Wednesday, January 9, 2013 |
2 years ago
Bistro 241 is the newest addition to downtown Delray Beach's quiet Pineapple Grove art district, located just a few blocks north of the bustling restaurant scene off Atlantic Ave.
Owner Elie Boueri -- whose father was among the first to bring food to the charming area with Joseph's Wine Bar and Cafe five years ago -- quietly opened Bistro 241 in early December. Named for the address, it's a more casual extension of Joseph's, whose tiny space offers continental cuisine with a hint of Middle Eastern influences, and a well-equipped wine menu of more than 300 selections.
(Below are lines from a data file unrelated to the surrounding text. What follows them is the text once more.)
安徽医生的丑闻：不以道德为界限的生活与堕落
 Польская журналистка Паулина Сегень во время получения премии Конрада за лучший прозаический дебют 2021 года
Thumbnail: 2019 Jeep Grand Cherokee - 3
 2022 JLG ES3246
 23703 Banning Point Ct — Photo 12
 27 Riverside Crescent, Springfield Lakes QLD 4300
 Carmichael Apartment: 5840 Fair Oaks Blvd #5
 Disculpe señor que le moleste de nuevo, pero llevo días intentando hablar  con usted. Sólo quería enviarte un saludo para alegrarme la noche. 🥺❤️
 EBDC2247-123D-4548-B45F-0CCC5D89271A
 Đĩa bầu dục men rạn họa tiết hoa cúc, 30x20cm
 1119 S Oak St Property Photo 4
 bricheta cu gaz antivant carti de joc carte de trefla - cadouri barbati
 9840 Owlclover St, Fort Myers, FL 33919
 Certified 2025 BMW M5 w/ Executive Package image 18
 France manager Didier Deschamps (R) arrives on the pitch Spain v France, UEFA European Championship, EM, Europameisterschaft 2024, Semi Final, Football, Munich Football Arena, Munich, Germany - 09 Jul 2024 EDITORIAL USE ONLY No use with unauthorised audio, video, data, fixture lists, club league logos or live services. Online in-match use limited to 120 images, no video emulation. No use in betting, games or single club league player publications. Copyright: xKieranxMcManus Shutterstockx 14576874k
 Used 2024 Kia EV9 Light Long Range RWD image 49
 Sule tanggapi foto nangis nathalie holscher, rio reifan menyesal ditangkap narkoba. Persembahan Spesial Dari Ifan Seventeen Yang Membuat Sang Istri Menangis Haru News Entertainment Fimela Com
At Bistro 241, the menu focuses on "cuisine du marché," a French phrase that roughly translates to "cooking from the market," a kitchen where the chef buys what is needed fresh daily. With South Florida's myriad farms, local fisherman and wealth of independent markets, it's a concept that seems doable -- even if hard to execute.
Bistro 241 makes it possible by utilizing plenty of locally-grown, seasonal veggies, a series of small and main plates that focus on traditional, home-style comfort foods that -- like Joseph's -- have a certain Mediterranean twist ($10-$15).
Starter plates are a mix of old and new, from everyone's favorite calamari to an array of colorful salads -- each given a small tweak ($10 - $16). The Maryland crab cake martini, for example, is served with a rosemary and honey infused Greek yogurt and a layer of shaved cucumber "spaghetti," while a foie gras mousse is stuffed into tempura-fried squash blossoms, sounding decadent with toasted pine nuts and truffle shavings for garnish. A simpler dish: the short rib bolognese made with an a la minute sauce and topped with house-made whipped ricotta cheese.
Main plates are on the pricey side ($24 - $34), but it's what you get that counts. Expect dishes with plenty of color and flavor. Take the Atlantic salmon, served with a rainbow of vegetables -- there's a lemon hummus, rapini, and tomato-cucumber salad dressed in lemon-herb vinaigrette. The 14-ounce porterhouse pork chop is given an even more detailed sideline, with sweet potato puree, braised swiss chard and applewood smoked bacon, caramelized onion and peaches with roasted red grape glaze.
Bistro's 2,400-square-foot interior space is split between dining room and white marble-topped bar. The decor is simple and comfortable, with pillowy-soft velveteen-covered chairs and oversized red leather bar seats. Floor to ceiling windows run the length of one wall, looking out over a narrow walkway where the Boueri's make room for outdoor seating.
"[My family] was among the first to invest in this area, and we're happy to see it grow," said Boueri, whose entire family -- including mother and sister -- help to run both restaurants. "Bistro 241 is exactly what the area needed: a lunch and dinner spot with great food, good wine and a modern look."